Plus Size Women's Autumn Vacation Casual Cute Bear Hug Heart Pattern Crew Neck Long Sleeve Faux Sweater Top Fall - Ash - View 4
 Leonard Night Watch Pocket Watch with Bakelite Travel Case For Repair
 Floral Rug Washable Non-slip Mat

Exercise:
Exact reproduction of the listing above is required.

Answer for the task:
Plus Size Women's Autumn Vacation Casual Cute Bear Hug Heart Pattern Crew Neck Long Sleeve Faux Sweater Top Fall - Ash - View 4
 Leonard Night Watch Pocket Watch with Bakelite Travel Case For Repair
 Floral Rug Washable Non-slip Mat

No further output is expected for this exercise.